**The task**
The task for the listing below is to write out exactly the lines starting at the one containing "Forest Quest Wizard" and ending at the one containing "Filé s česnekovo-petrželkovou omáčkou", both included. Pictures are to be omitted.

**Data**
****

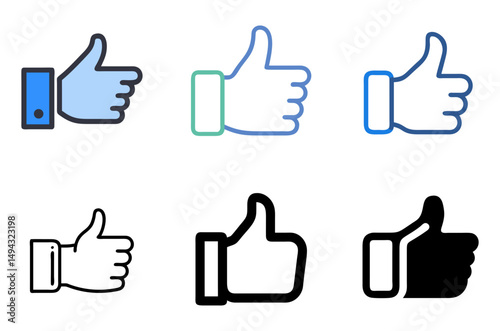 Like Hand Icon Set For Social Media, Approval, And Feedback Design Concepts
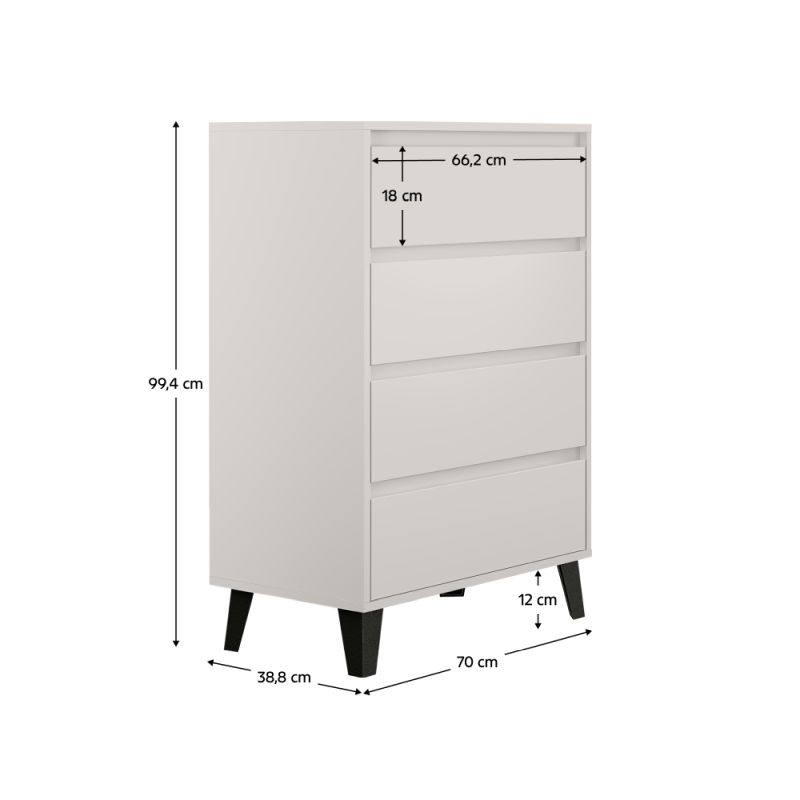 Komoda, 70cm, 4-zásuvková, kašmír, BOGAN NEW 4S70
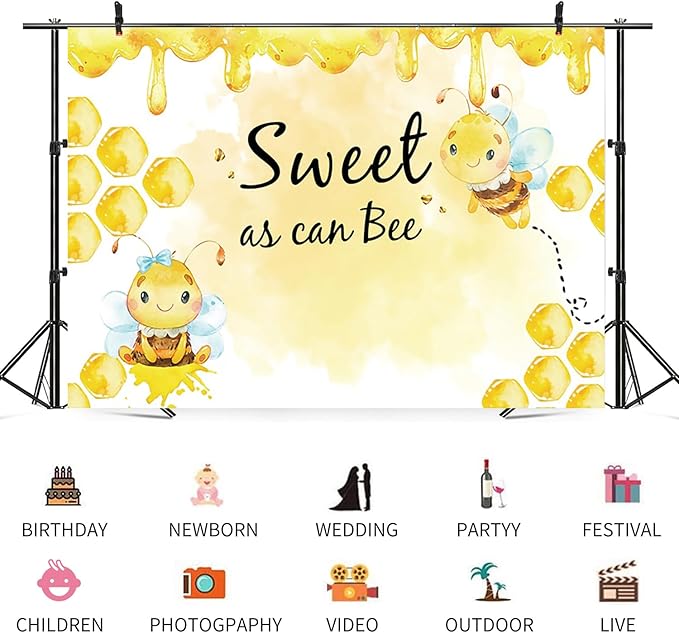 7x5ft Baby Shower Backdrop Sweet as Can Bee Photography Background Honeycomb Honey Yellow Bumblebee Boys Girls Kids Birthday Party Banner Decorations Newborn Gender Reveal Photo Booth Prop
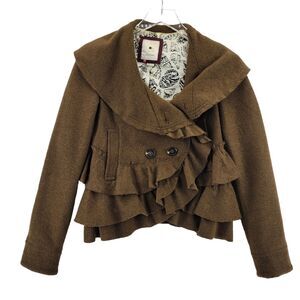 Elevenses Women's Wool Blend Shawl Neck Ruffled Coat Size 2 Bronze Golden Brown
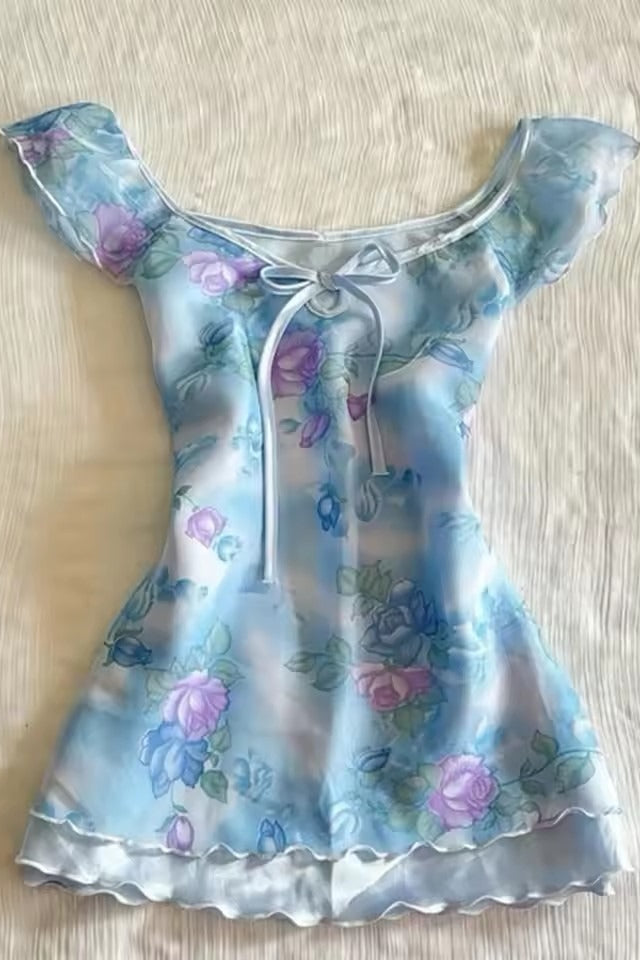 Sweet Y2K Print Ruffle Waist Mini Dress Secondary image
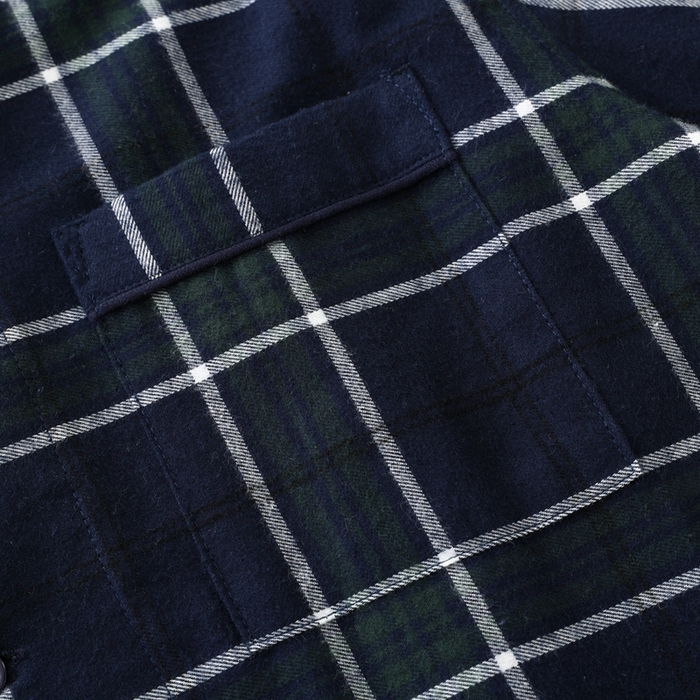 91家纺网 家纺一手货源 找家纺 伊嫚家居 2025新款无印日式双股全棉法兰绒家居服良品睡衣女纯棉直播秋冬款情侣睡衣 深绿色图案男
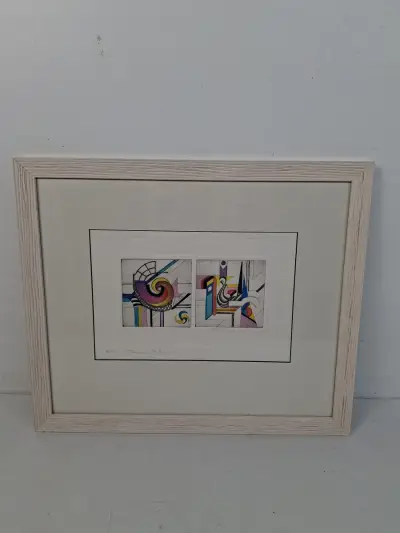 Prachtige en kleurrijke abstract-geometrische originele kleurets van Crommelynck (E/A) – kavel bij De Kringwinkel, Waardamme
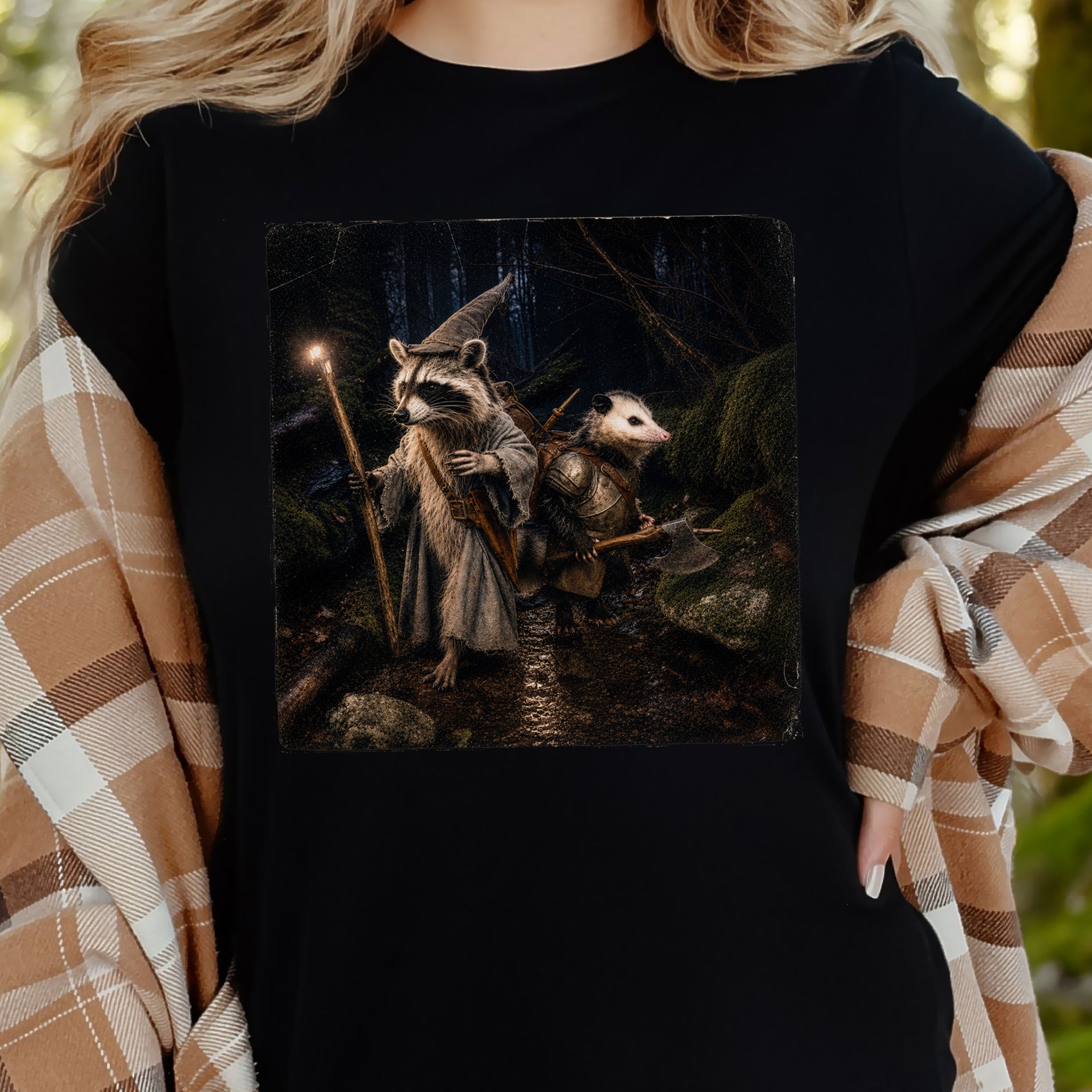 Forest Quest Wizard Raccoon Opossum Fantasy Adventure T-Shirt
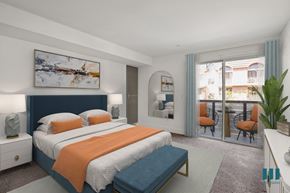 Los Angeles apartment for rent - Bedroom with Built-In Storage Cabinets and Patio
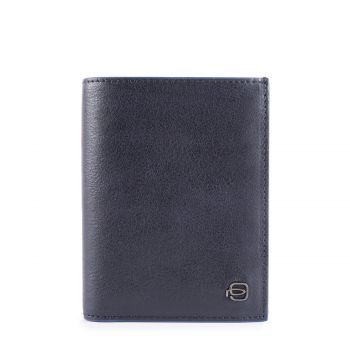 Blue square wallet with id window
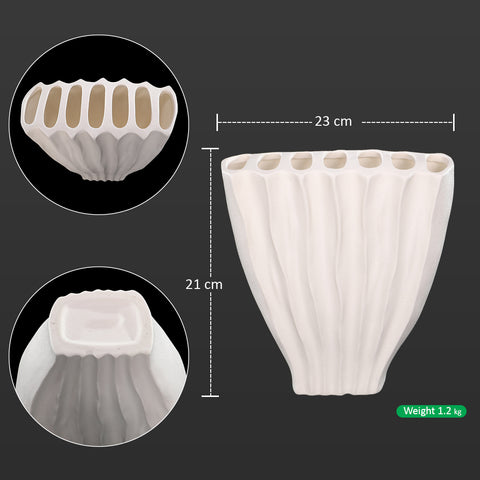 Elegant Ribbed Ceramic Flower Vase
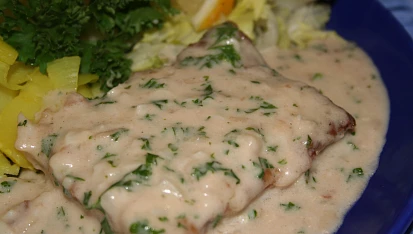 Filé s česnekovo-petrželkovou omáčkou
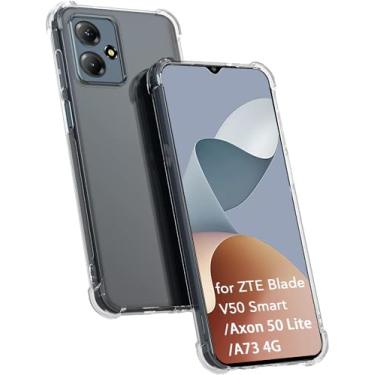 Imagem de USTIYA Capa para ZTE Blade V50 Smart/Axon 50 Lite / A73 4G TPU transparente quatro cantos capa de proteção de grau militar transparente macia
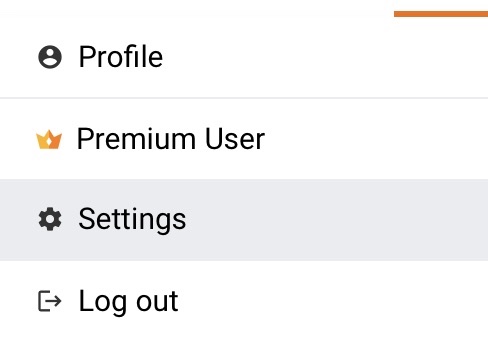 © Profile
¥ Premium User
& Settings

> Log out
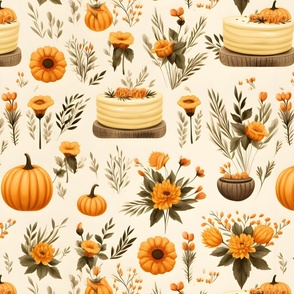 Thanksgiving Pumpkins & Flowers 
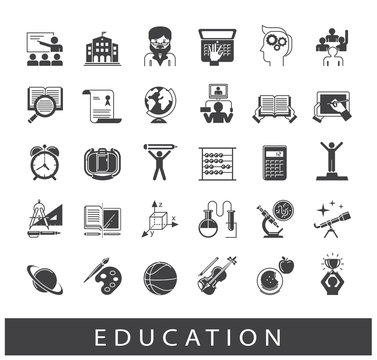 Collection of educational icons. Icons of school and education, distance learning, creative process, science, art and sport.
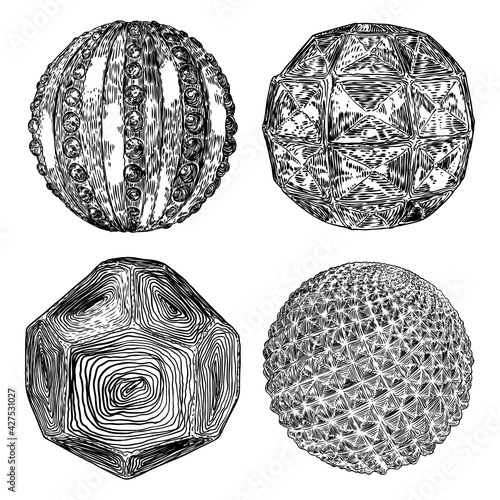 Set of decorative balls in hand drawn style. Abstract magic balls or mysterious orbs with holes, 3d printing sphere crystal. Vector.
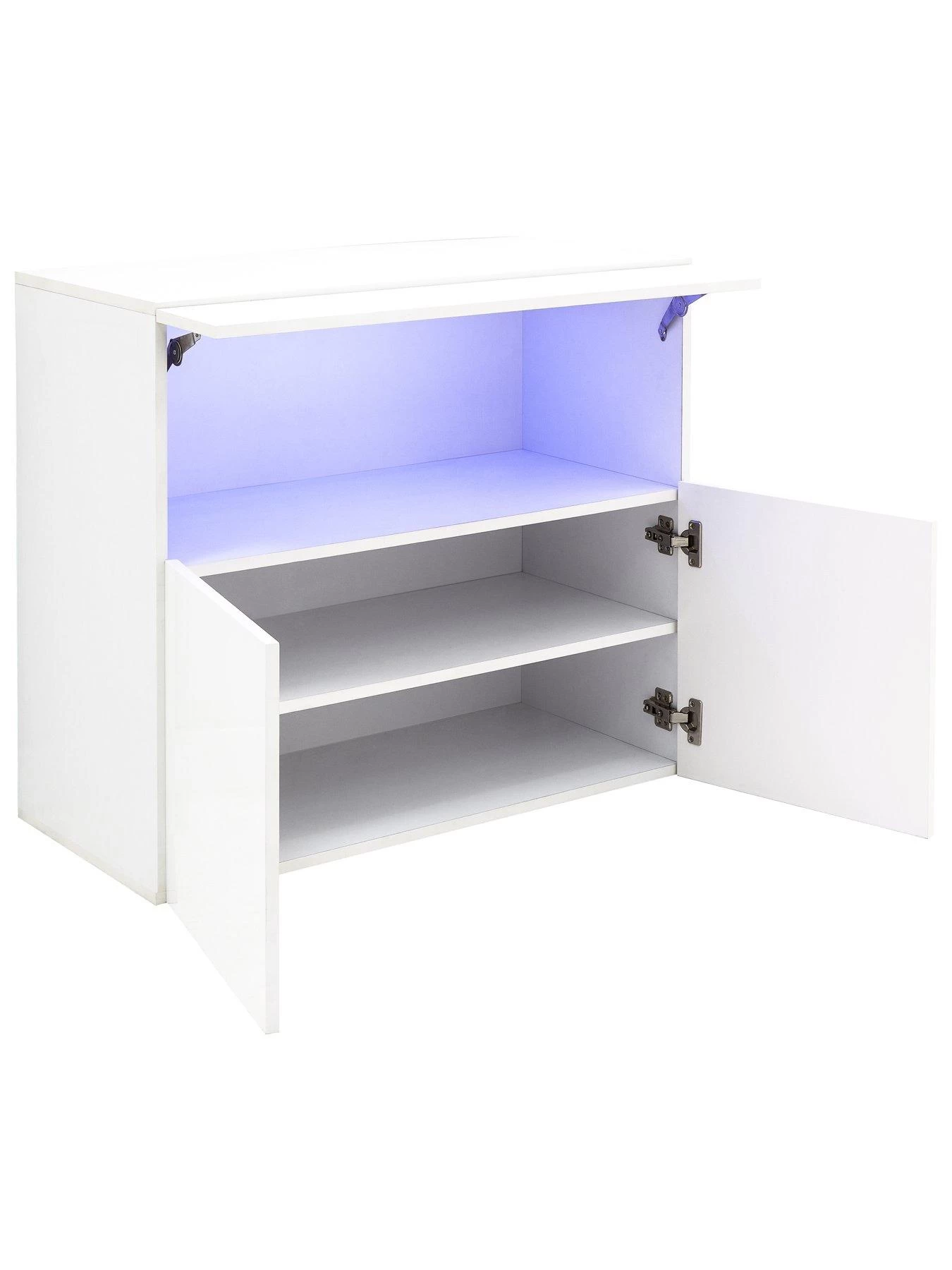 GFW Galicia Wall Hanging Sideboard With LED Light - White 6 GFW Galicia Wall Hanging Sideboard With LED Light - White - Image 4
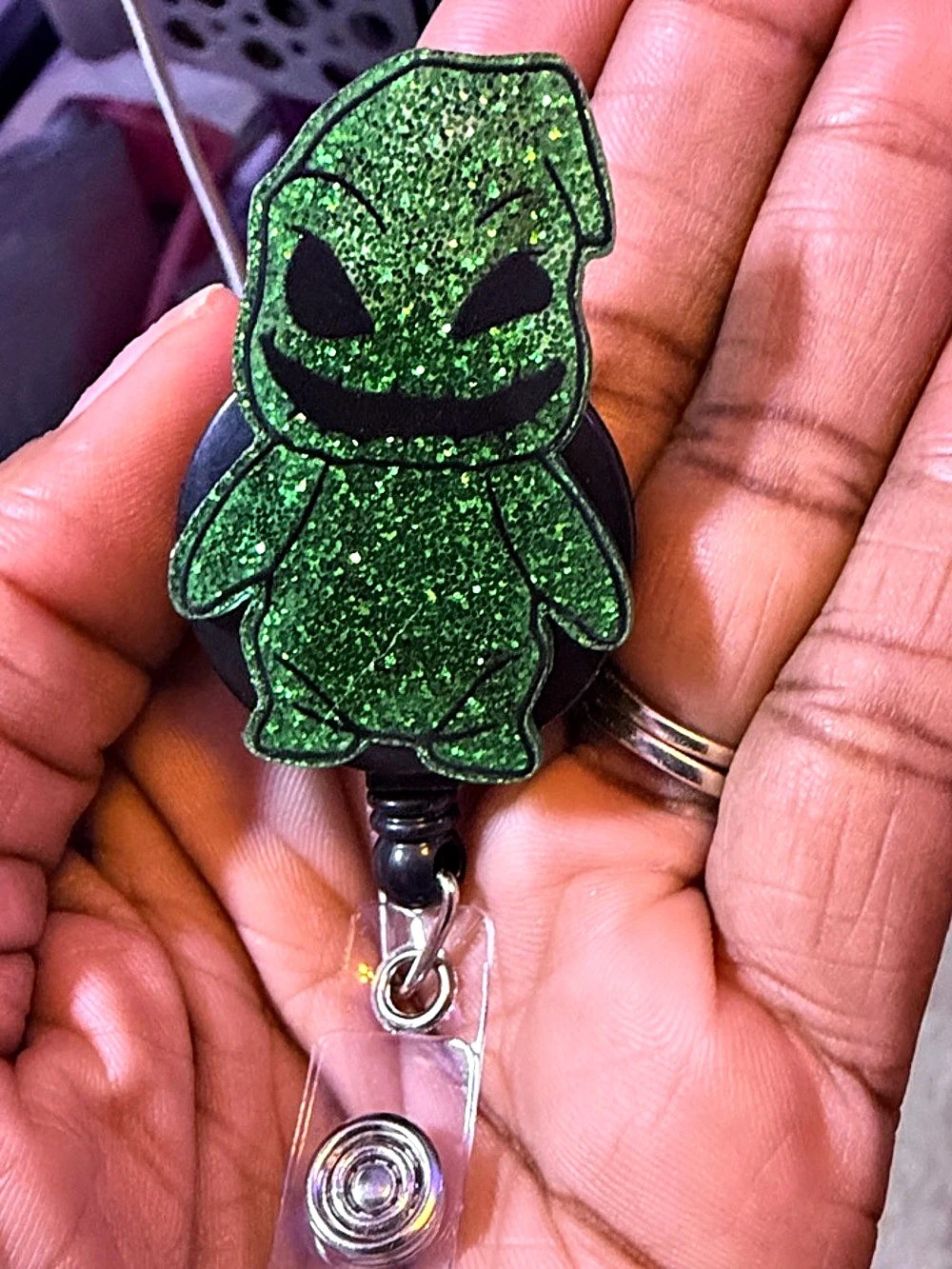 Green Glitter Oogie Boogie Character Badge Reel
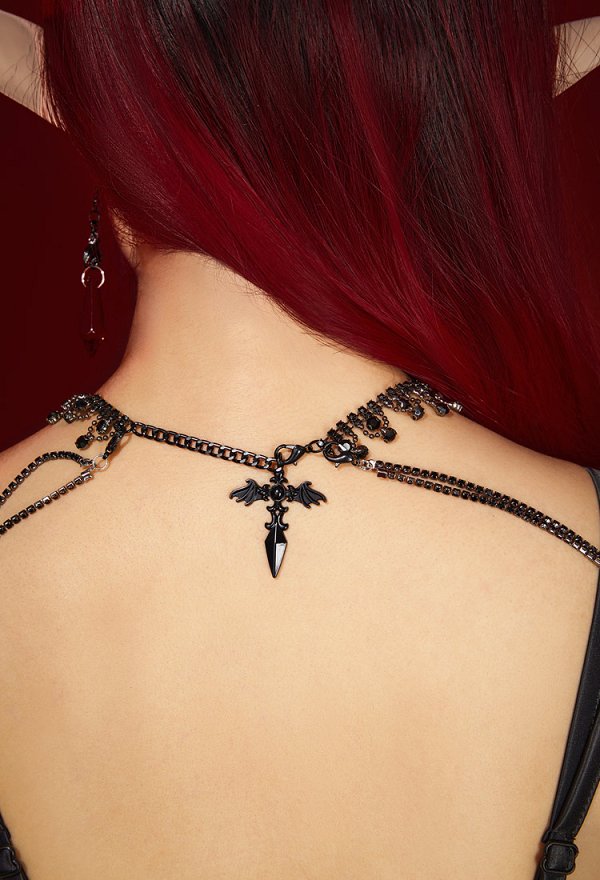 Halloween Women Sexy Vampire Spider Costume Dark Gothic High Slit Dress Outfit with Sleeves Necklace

****

**Solution to this problem**
 Forest Quest Wizard Raccoon Opossum Fantasy Adventure T-Shirt
 Los Angeles apartment for rent - Bedroom with Built-In Storage Cabinets and Patio
 Blue square wallet with id window
 Elegant Ribbed Ceramic Flower Vase
 Filé s česnekovo-petrželkovou omáčkou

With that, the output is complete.